[Dataset]
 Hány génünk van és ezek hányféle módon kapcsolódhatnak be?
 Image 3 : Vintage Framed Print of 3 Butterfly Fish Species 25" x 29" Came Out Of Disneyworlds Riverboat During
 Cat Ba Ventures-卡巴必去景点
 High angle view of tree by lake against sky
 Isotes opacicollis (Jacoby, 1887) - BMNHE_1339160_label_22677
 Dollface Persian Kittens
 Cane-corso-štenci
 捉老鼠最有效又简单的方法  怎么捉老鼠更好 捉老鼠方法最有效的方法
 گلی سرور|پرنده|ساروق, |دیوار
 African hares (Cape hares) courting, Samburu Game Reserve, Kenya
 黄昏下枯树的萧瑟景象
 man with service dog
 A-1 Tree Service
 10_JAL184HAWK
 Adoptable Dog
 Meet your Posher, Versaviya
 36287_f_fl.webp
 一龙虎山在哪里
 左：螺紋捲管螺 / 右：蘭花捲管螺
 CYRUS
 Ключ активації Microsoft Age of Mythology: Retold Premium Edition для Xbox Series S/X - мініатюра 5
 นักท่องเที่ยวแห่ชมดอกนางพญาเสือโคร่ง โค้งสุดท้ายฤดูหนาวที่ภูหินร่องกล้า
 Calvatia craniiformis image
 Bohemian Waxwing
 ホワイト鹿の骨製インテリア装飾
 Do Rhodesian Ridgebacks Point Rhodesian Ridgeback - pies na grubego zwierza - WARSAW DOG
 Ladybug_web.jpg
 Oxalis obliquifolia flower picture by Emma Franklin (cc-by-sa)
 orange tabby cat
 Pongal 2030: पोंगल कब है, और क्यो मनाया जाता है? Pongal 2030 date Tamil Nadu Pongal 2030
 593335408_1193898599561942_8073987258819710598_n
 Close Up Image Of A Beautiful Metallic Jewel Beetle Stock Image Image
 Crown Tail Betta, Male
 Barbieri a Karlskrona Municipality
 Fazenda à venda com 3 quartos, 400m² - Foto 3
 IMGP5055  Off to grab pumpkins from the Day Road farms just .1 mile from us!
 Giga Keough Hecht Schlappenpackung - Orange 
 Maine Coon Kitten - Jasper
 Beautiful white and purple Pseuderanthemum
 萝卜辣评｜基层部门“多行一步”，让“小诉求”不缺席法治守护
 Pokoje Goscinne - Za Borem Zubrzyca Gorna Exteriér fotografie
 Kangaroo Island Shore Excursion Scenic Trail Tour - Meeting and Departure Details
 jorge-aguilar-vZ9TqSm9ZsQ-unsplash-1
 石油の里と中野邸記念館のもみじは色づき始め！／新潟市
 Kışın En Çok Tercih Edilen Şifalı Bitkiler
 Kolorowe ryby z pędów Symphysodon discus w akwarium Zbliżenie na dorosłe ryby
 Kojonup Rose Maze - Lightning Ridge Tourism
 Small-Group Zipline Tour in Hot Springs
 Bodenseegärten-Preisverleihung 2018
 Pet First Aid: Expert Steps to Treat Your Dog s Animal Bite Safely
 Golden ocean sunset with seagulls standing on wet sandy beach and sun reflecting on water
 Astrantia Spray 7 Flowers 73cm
[/Dataset]
- _Task_
Lines in the records that hold "Beautiful" should be tallied, with the total given on its own.

- _Solution for this task_
2